I also included my JSON file and filestream so I could add the newest data to that JSON file.

const fs = require('fs')
const data = require('../src/constants/covidData.json')

Then, I created a function to get the latest cases for the day off of the MSDH website. I fetched the data with Axios, loaded it into Cheerio, and then pulled the value out of the section of the DOM that contained the current day's data. I found this selector by going into the dev tools in the browser and looking for the section of the page that contained the daily case data. In this case, there was a data-description attribute on a p tag that helped me locate the correct HTML element. I removed any commas from the string it returned and made sure that it was getting saved as an integer so it would work with my charts.

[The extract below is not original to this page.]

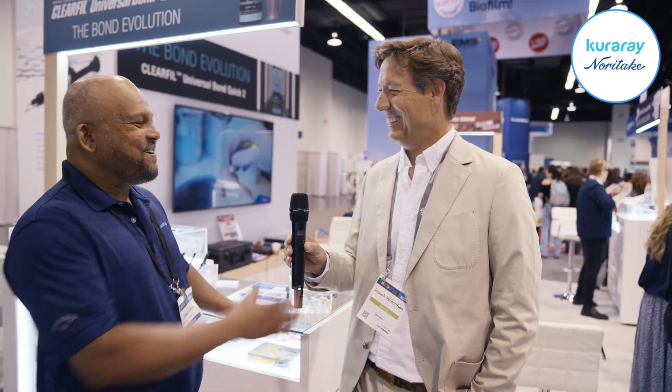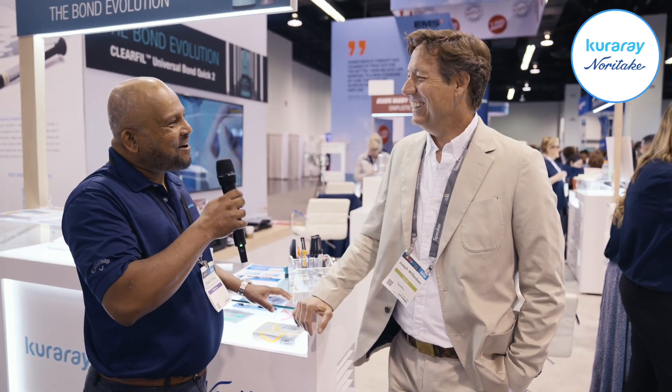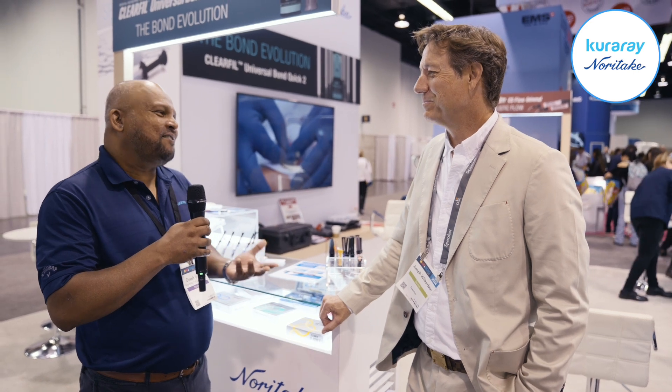So all in all, everything that these new products are doing is just making my life in the practice easier and knowing that I'm doing a good job. Thank you for using our product — it's very nice to hear that it really helps your practice. That's one of the objectives in the company: we want to make your treatment easy and have patients get the best treatment.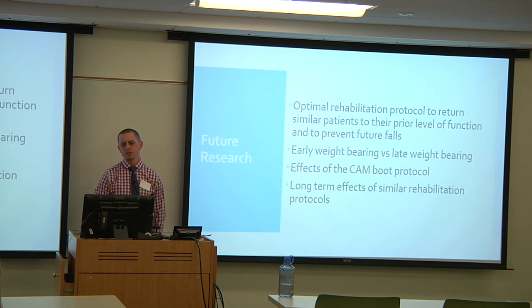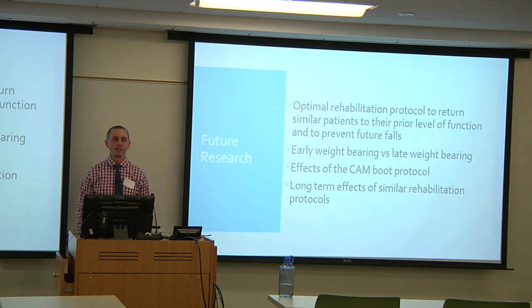For future research, the optimal rehabilitation protocol to return similar patients to their prior level of function should be explored, including early versus late weight bearing. There is particular interest in studying the effects of the CAM boot on functional outcomes, given that it was added midway through the intervention without clear indication. Long-term effects of similar rehabilitation protocols — at months, one year, and two years post-intervention — should also be investigated.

const msdh = 'https://msdh.ms.gov/msdhsite/_static/14,0,420.html'
const getDailyCases = async () => {
  try {
    const { data } = await axios.get(msdh)
    const $ = cheerio.load(data)
    let dailyCases = parseInt($('[data-description="New cases"]').text().replace(/,/g, ''))

    return dailyCases
  } catch (error) {
    console.log(error)
  }
}

I created a new date object. And since All data is from the previous day, I set the date to the day before.

let today = new Date()
today.setDate(today.getDate() - 1)

And then initialized my data object to eventually add those two pieces of information to an object to add to my JSON file.

let dailyCases = {
    newCases: 0,
    date: today.getFullYear() + '-' + today.getMonth() + '-' + today.getDate() //formatting date to match what I needed
}

Finally, I wrote another async function to call my getDailyCases function and, after it gets that data, add it to my JSON file as long as there are new cases, and that date doesn't exist in the JSON file.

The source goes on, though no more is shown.